Bien que la production alimentaire en Afrique ait augmenté de 160% au cours des trente dernières années, la population souffrant d’insécurité alimentaire n’a cessé de croître, notamment de 60% rien qu’au cours de la dernière décennie. Actuellement, 58 % des Africains sont en situation d’insécurité alimentaire, soit le double de la moyenne mondiale.
Les facteurs de l’insécurité alimentaire sont complexes et comprennent, entre autres, les conditions météorologiques extrêmes et les conflits. Cependant, un aspect souvent négligé de la question est beaucoup plus simple : il s’agit du transport.
Les mauvaises liaisons de transport, les défaillances des ports comme des postes-frontières essentiels et les coûts commerciaux élevés engendrent des foyers de faim et d’interminables chaînes d’approvisionnement alimentaire qui ne parviennent pas à acheminer de manière fiable les denrées de base jusqu’aux consommateurs.
En moyenne, dans les pays africains, les denrées sont transportées sur une distance de 4 000 kilomètres et mettent 23 jours à arriver à destination, soit quatre fois plus longtemps qu’en Europe ! Sur des chaînes d’approvisionnement aussi longues, les points de défaillance potentiels se comptent par dizaines, et augmentent les risques de gaspillage des produits avant même qu’ils n’atteignent les consommateurs.
Ports engorgés, chemins ruraux impraticables ou procédures frontalières fastidieuses : en raison de ces « maillons faibles », les aliments sont livrés en retard ou déjà abîmés, parfois ils n’arrivent jamais à destination… Au total en Afrique, 37% des denrées périssables sont perdues en cours de route, bien avant leur arrivée sur la table du consommateur.

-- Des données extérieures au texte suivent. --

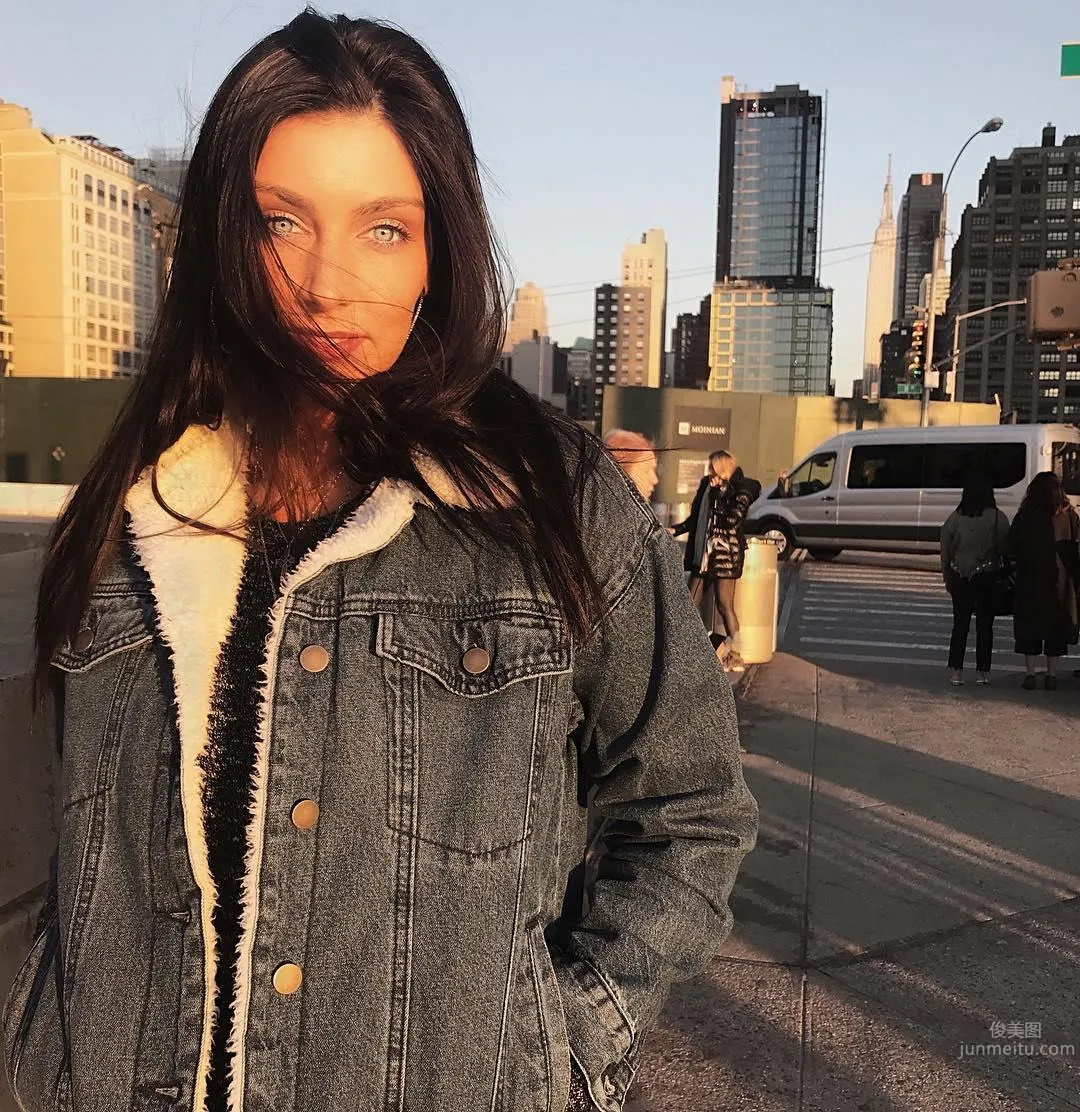 Meaghan McCarthy- 性感的远镜_12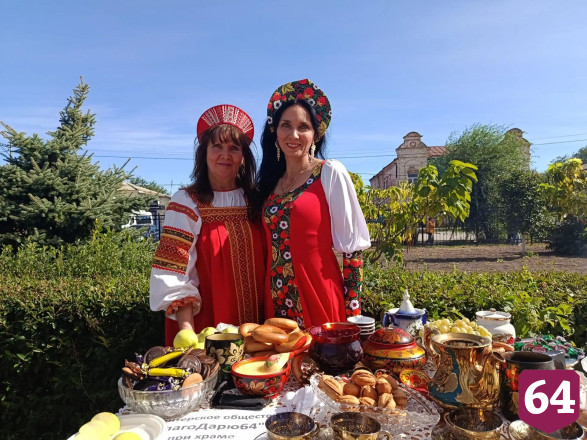 На саратовском фестивале самоваров кормили пловом и катали на ослике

L’imprévisibilité de la chaîne d’approvisionnement a des conséquences majeures sur les prix de la nourriture. L’inefficacité des transports renchérit de 30% le coût final des marchandises, ce qui signifie que les denrées deviennent inabordables pour des millions de familles aux revenus faibles.
Cette situation conduit souvent à un paradoxe désolant : alors que la nourriture est disponible dans certaines régions, le coût de son acheminement d’un endroit à l’autre est si élevé que de nombreuses personnes ne peuvent pas se l’offrir.
Dans un rapport intitulé : Les transports au service de la sécurité alimentaire en Afrique subsaharienne : renforcer les chaînes d’approvisionnement, la Banque mondiale propose de mener plusieurs actions prioritaires pour réduire les coûts de transport et améliorer la sécurité alimentaire sur le continent.
Selon elle, en appliquant les recommandations ci-dessous, les foyers de faim en Afrique pourraient devenir des endroits où la nourriture est plus abondante et plus facilement distribuée :
Investir dans des infrastructures de pointe : équiper les ports prioritaires d’infrastructures modernes pour la manutention de produits alimentaires en vrac, en particulier ceux qui approvisionnent des zones intérieures isolées.
Éliminer les obstacles au commerce : lever les barrières et améliorer les pratiques de gestion des frontières afin de réduire les retards et les coûts de passage d’un pays à l’autre.
Renforcer la résilience : donner la priorité à la résilience et à la redondance des liaisons critiques qui facilitent les flux alimentaires pour de vastes populations.
Développer le stockage et la distribution : investir dans des infrastructures et des services de stockage et de distribution robustes afin de minimiser les pertes et le gaspillage alimentaires.
Stimuler la concurrence : renforcer la concurrence dans le secteur des transports afin d’améliorer l’efficacité et de réduire les coûts.
Élargir l’accès aux marchés : faciliter l’accès à des infrastructures et à des marchés résilients afin que les denrées alimentaires parviennent à ceux qui en ont besoin.